On Tuesday, the Chinese company Xiaomi revealed its very own chipset called Surge S1 that represents its first attempt at creating restrictive silicon to power its devices and slated to make a big appearance in the upcoming Mi 5c smartphone. Moreover, it is hitting the Chinese mid-range market with a cost of 1,499 yuan or about $220 on the third of March.

According to Yahoo Sport, Xiaomi is avoiding a course with an end goal in an effort that firmly integrates its hardware and software and of course its master core technologies behind its products, as indicated by the CEO Lei Jun. The Mi 5c features 5.15-inch with a 1080 display and a 94.4-percent NTSC range and 550 nit brightness.

As shared on Twitter by Xiaomi it suggests that Surge S1 might be snappier than the Qualcomm's Snapdragon 635, yet fall short of MediaTek's Helio P20. The 64-bit chipset that combines with two quad-core Cortex-A53 processors, one clocked at 2.2 GHz for high performance and the other 1.4 GHz for less demand usage.
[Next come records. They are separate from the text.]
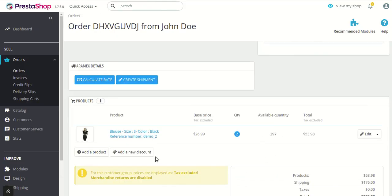So this was all about the PrestaShop RMX shipping module. I hope this video helps you to configure and use the module in the best possible way. Thank you.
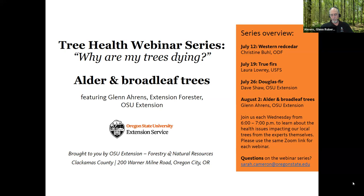It is six o'clock, so I'm going to go ahead and start the webinar. We are recording this one with the past webinars, and they'll be available for you to view later or to share with others.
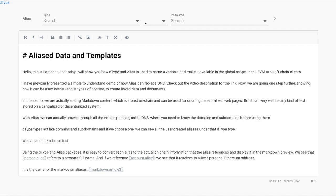In this demo, we are actually editing markdown content which is stored on-chain and can be used for creating decentralized web pages, but it can very well be any kind of text stored on a centralized or decentralized system.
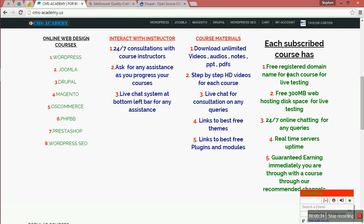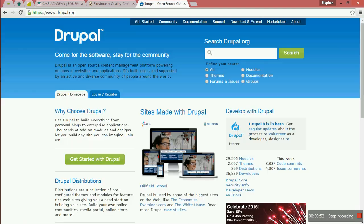You also have the free domain. We also give you disk space of 300MB. You also have 24/7 online chatting system for any query, real-time servers, and guaranteed running immediately through our recommended channel and also lifetime support. In any case you face a problem during this course, we'll be glad to help you.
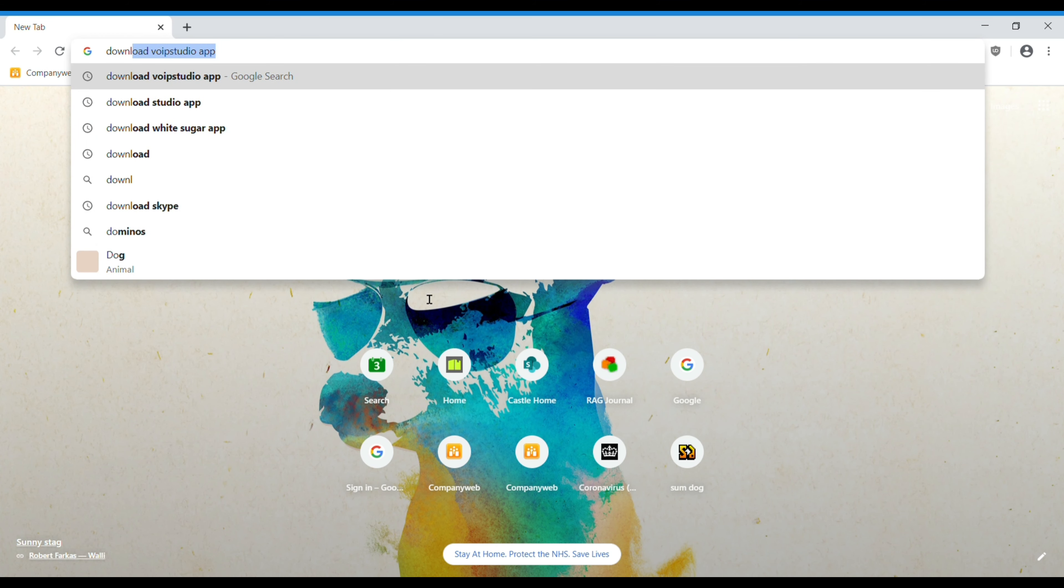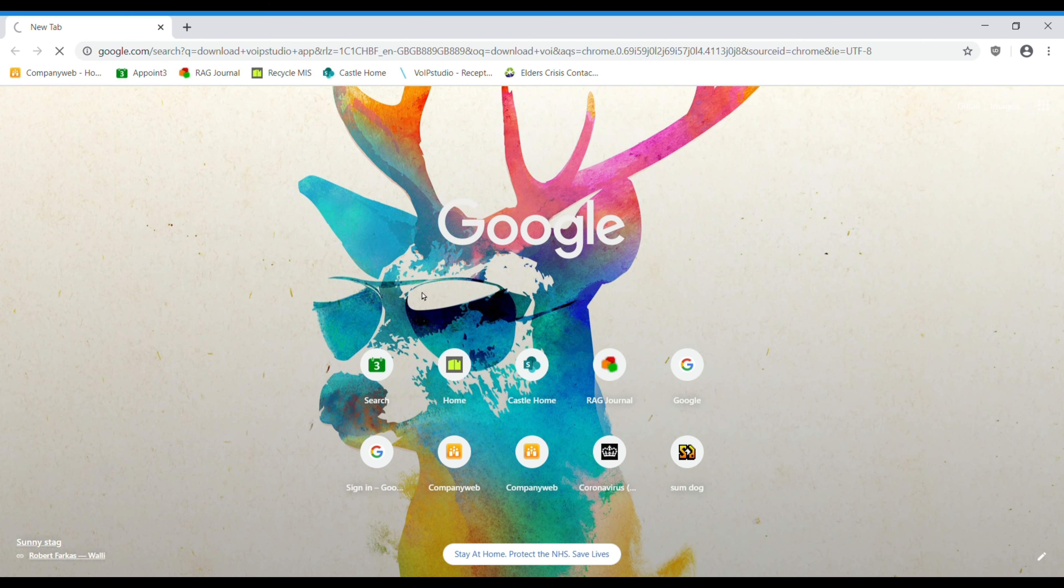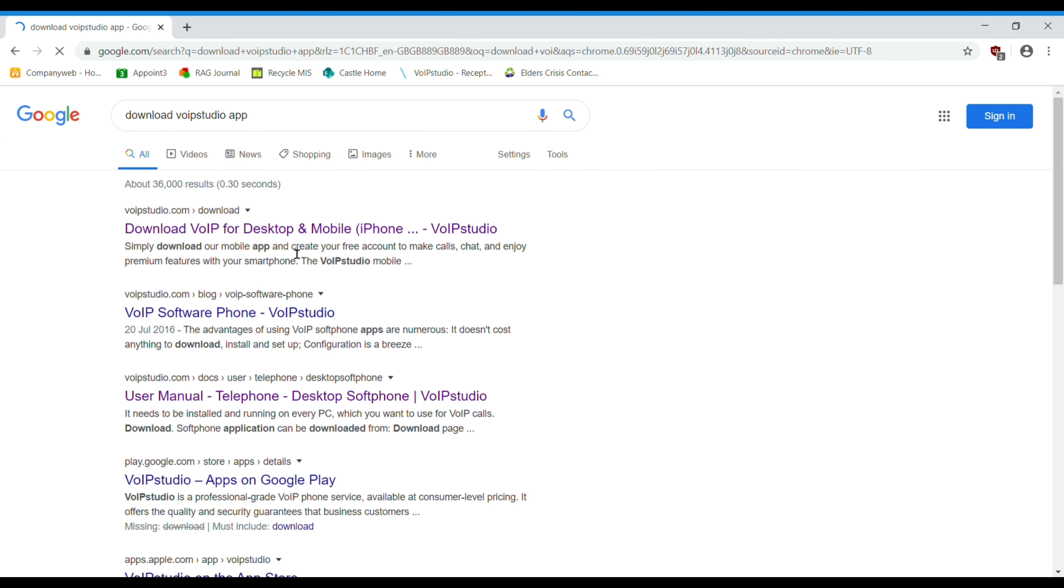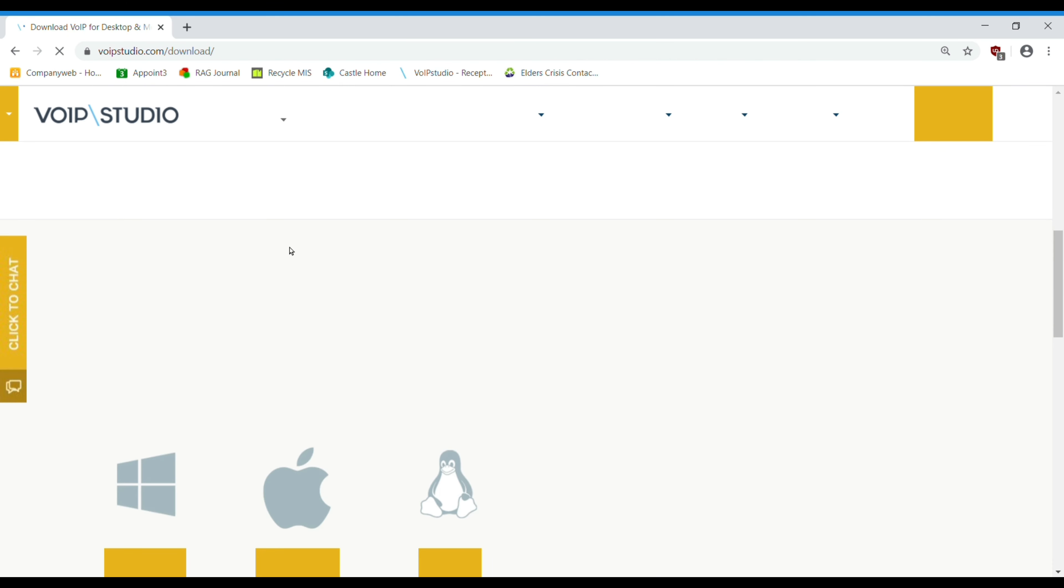You can download the VoIP Studio desktop app by entering Download VoIP Studio into your search engine. Alternatively, you can select the link sent in your welcome email.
Engadget added that Mi 5c comes with a 3GB LPDDR3 RAM plus a 64GB of eMMC 5.0 storage. Along with it, is a front-facing fingerprint reader, dual-Nano SIM slots, and a VoLTE support China Mobile radio. Because of its new chip's lower consumption of power, the Mi 5c will have a smaller 2,860 mAh battery, along with this, the device achieves a slimmer metallic body that measures 7.09mm thick.

For taking photos, Mi 5c will have a 14-bit image signal processor, in tandem with the company's own particular algorithm that aims to have a great enhance light sensitivity while lessen it noise. For the main camera, it features a 12 megapixel f/2.2 with 1.2um pixels, which is bigger than the standard 1.12um that offers on many recent smartphones. The Mi 5c will have its launch in China on Friday, however, the industry will watch how Xiaomi's efforts will shake in the real world and guessing what Surge-powered flagship can do.